Your objective:
The expected output is each line below containing "Villa", copied in full.

Short descriptive text snippets
★ ★ ★ ★ ★ ★ ★

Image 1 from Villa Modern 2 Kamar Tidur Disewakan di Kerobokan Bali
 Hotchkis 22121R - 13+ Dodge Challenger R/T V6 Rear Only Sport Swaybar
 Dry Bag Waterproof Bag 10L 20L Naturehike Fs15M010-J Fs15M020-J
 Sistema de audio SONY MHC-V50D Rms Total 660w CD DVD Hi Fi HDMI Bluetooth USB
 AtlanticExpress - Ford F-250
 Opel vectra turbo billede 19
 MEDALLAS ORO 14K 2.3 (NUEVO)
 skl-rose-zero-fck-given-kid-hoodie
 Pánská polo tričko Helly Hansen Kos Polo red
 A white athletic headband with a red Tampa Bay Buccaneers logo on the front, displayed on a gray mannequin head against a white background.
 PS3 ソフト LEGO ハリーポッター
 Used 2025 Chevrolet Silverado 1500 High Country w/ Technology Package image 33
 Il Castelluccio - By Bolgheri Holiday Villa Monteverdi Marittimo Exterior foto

★ ★ ★ ★ ★ ★ ★

Answer space:
Image 1 from Villa Modern 2 Kamar Tidur Disewakan di Kerobokan Bali
 Il Castelluccio - By Bolgheri Holiday Villa Monteverdi Marittimo Exterior foto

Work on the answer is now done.